The signing of a licensing deal with Armonia and search giant Google will bring 5.5 million songs to Google Music's European users.
The agreement with Europe's music publishers, artists and composers will allow customers in 35 European countries to synchronize their music connections with Google's music library so that they can stream music via Google on their mobile devices when out and about rather than having to copy each of their tracks onto their Android smartphone or tablet, taking up valuable space for apps and photos in the process.

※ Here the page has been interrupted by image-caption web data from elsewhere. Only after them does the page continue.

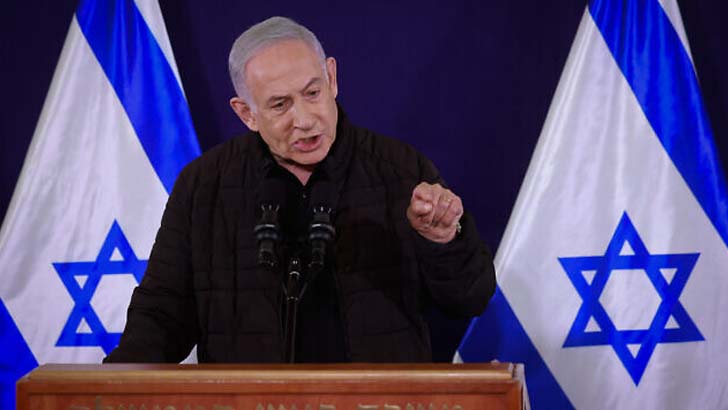 গাজা চালাবে ইসরাইলি প্রতিরক্ষা বাহিনী: নেতানিয়াহু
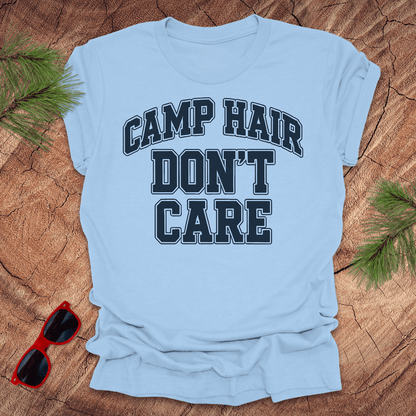 Camp Hair Don't Care Tee - Wandering Owl Adventure Gear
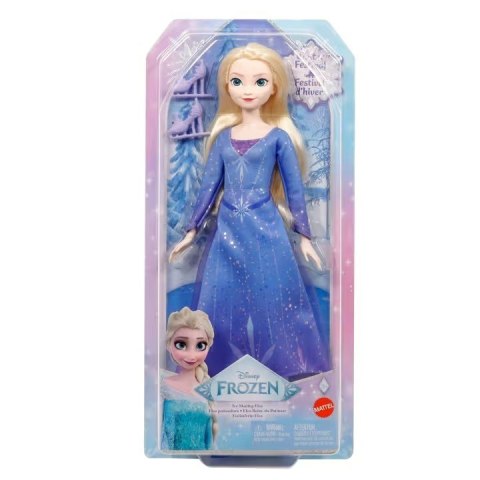 Lalka Disney Frozen Kraina Lodu Elsa Łyżwiarka Lalka Disney Frozen Kraina Lodu Elsa Łyżwiarka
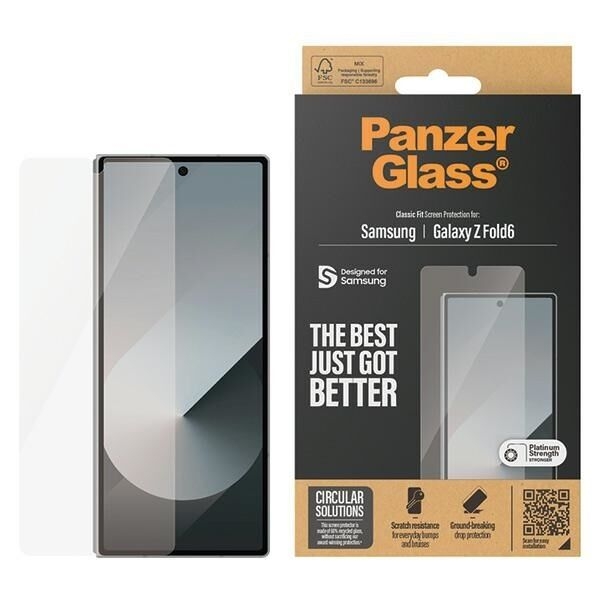 PanzerGlass Skærmbeskytter Galaxy Z Fold6 Classic Fit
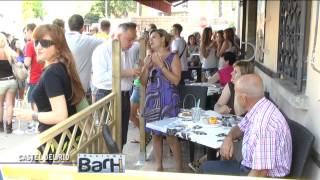 Inaugurazione quotBar Hquot  Nuovo Bar a Castel del Rio [upl. by Enayd]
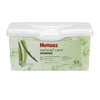 Huggies Natural Care Wipes, Unscented, 1 Pop-Up Tub (64 Wipes Total)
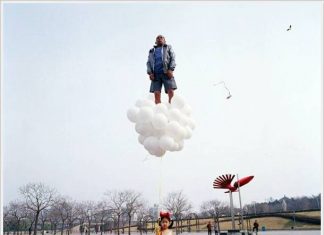 Photographs Breaking Laws of Physics By Li Wei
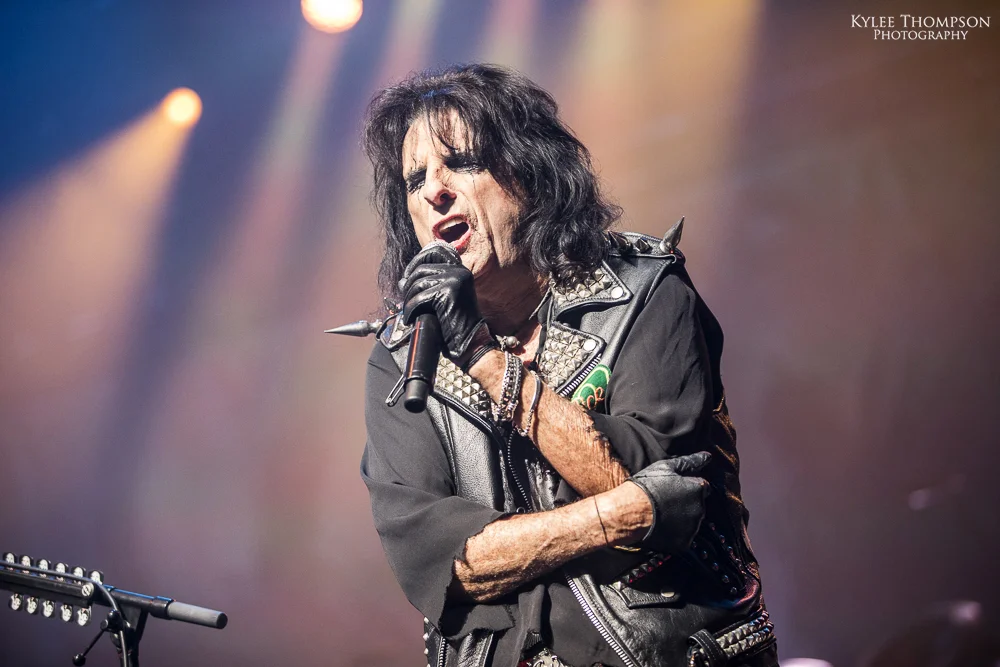 Alice Cooper @ Northern Alberta Jubilee Auditorium - August 23rd 2018
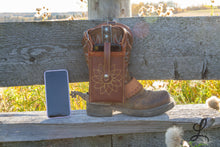 Load image into Gallery viewer, Cell Phone Pocket for your Boot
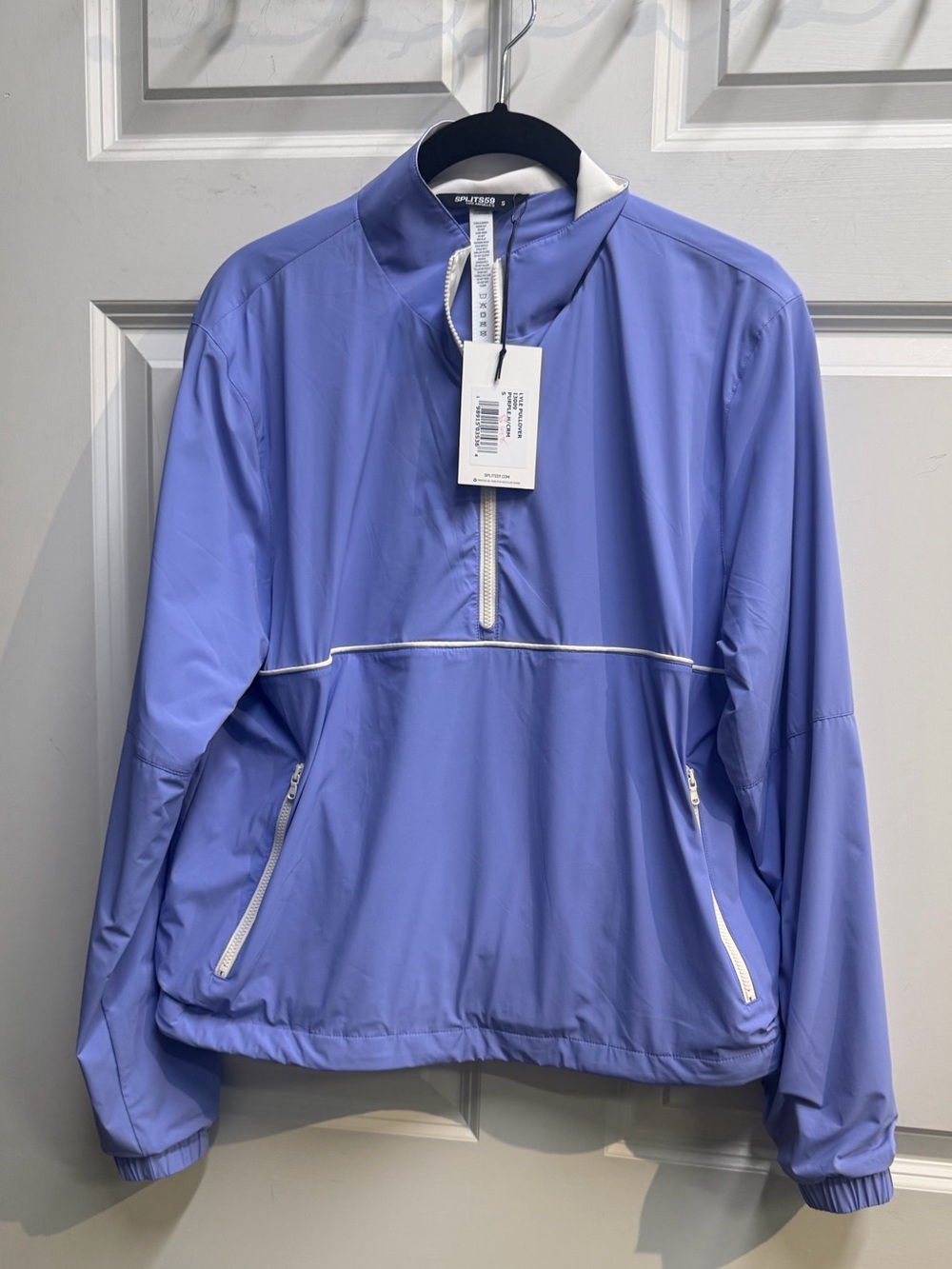 Splits59 Lyle pullover purple haze / cream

European users will also be able to purchase tracks from Google's music library, bringing the service in line with its biggest direct competitors -- Apple's iTunes and Amazon. Users outside of the US have been waiting a long time for Google to catch up but now that the service has arrived, Google's decision not to charge a yearly subscription for synching and storing up to 20,000 tracks for each user could see it gain a march on its competitors. Apple's iTunes Match, which essentially offers the same service -- synching, streaming, storing and purchasing -- costs users $25 a year.
Of the deal, Google's head of music licensing, Sami Valkonen, said: "We're thrilled to have reached an agreement with the Armonia societies. Licenses such as this are important in ensuring that artists and rights-holders are rewarded fairly for their creative endeavours, and digital service providers are able to bring innovative services to market for the benefit of European consumers. Armonia is a welcome development in the on-going reform of pan-territorial licensing in Europe in helping simplify and speed-up the music-licensing process, which is crucial in fostering ongoing rapid innovation by digital music service providers."
Created by SACEM, SGAE and SIAE, (the French, Spanish and Italian national music publishing groups respectively) Armonia is the first pan-European hub for licensing online music and was created to simplify and optimize multi-territory rights management.